BATUMI, Georgia, Aug 27 (Reuters) - A U.S. Coast Guard ship carrying aid for victims of Georgia's brief war with Russia arrived on the country's Black Sea coast on Wednesday, but backed down from docking in a Russian-patrolled port.

The cutter Dallas had been due in Poti, where Russian troops are manning checkpoints since pushing into Georgia proper this month after a war over the breakaway province of South Ossetia. Instead, it docked 80 km (50 miles) south in Batumi.

The U.S. embassy in Tbilisi originally said the Dallas would be joined in Poti by a U.S. warship, the USS McFaul, which docked in Batumi on Sunday. But the embassy said late on Tuesday that the plan had changed. It did not say why.

"This decision was taken at the highest level of the Pentagon," a U.S. embassy spokeswoman told Reuters.

Russia has remained defiant in the face of a barrage of international criticism over its continued military presence inside Georgia, which Western countries say violates a ceasefire agreement to end the conflict.

The McFaul had left Batumi after unloading its aid supplies, and the U.S. embassy said it was still in the Black Sea.

A third vessel, the Navy command ship USS Mount Whitney, has also been loaded with aid supplies and has left its home port in Italy, U.S. Navy Lt.

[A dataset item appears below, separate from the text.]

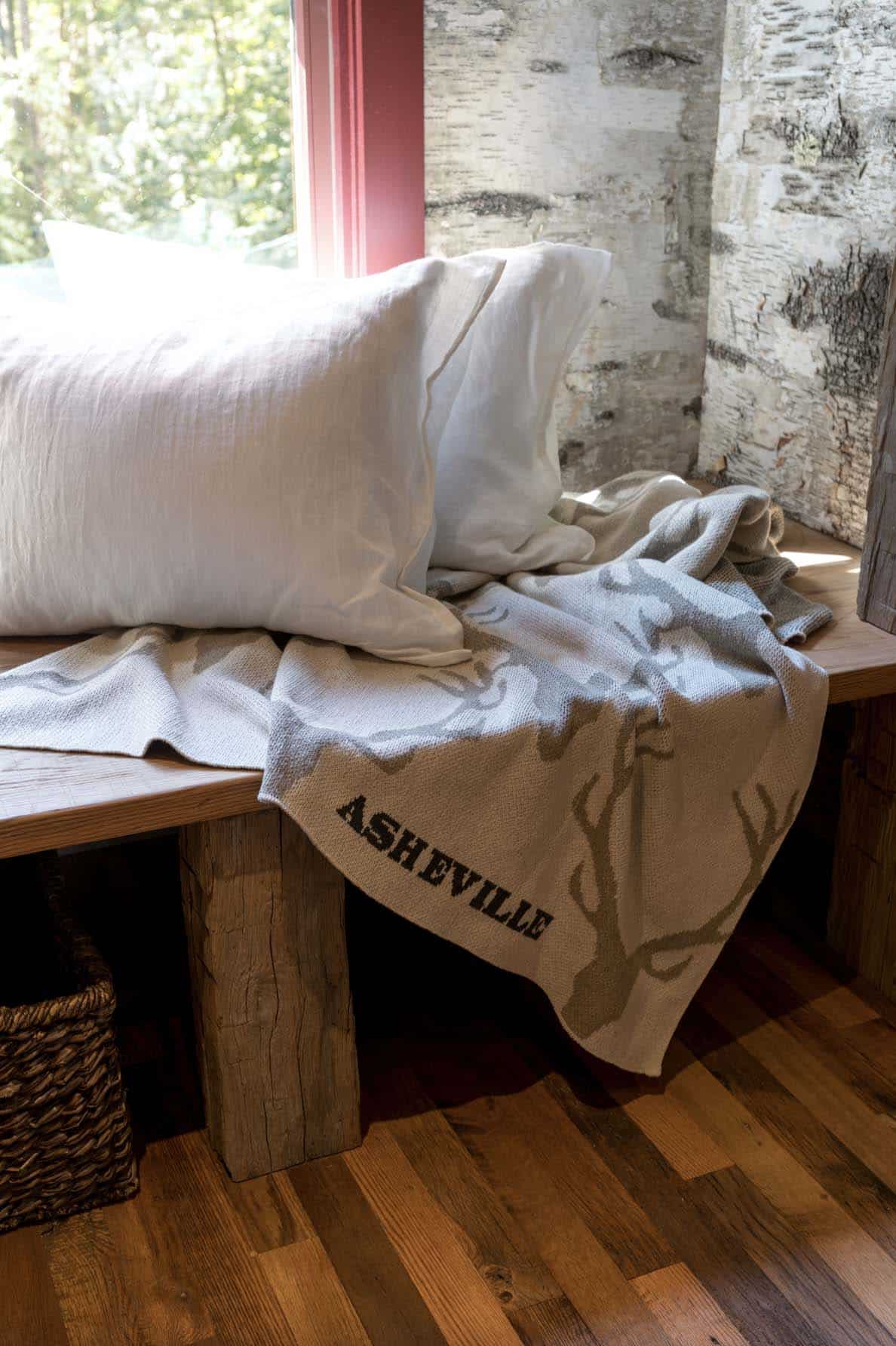 rustic-bedroom-window-seat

Commander Tamsen Reese.

Russian President Dmitry Medvedev has accused Washington of delivering weapons to Georgia by sea, but made clear Russian ships deployed near the Georgian coast would not obstruct the operation.

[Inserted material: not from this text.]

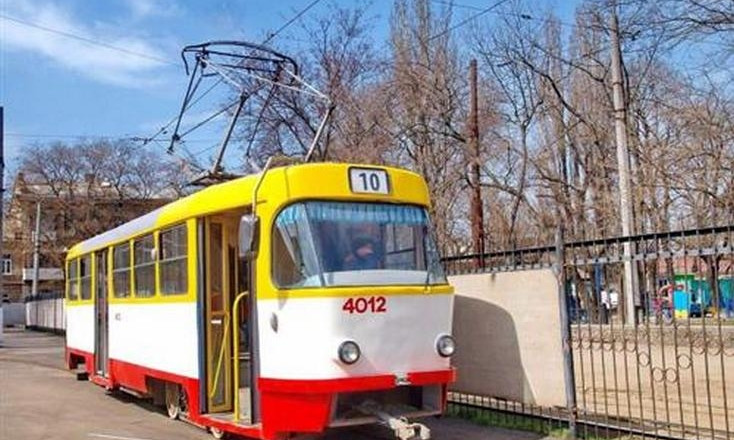 По Одессе «разгуливает» трамвай с фотовыставкой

"What the Americans call humanitarian cargoes -- of course, they are bringing in weapons," he told the BBC in an interview on Tuesday, adding: "We're not trying to prevent it."

A White House spokesman rejected Medvedev's accusations of U.S. ships bringing in weapons as "ridiculous".

Russia has said it will continue to patrol Poti, a small oil shipment and dry grain port, despite the town lying outside a "buffer zone" where Russia plans to post peacekeepers indefinitely.

Russia rolled tanks and troops over its southern border this month to repel an assault by Georgian forces to retake South Ossetia from pro-Moscow separatists.

Georgian forces retreated, and Moscow on Tuesday said it had decided to recognise South Ossetia and Georgia's other breakaway region, Abkhazia, as independent states. (Writing by Matt Robinson; editing by Robert Hart)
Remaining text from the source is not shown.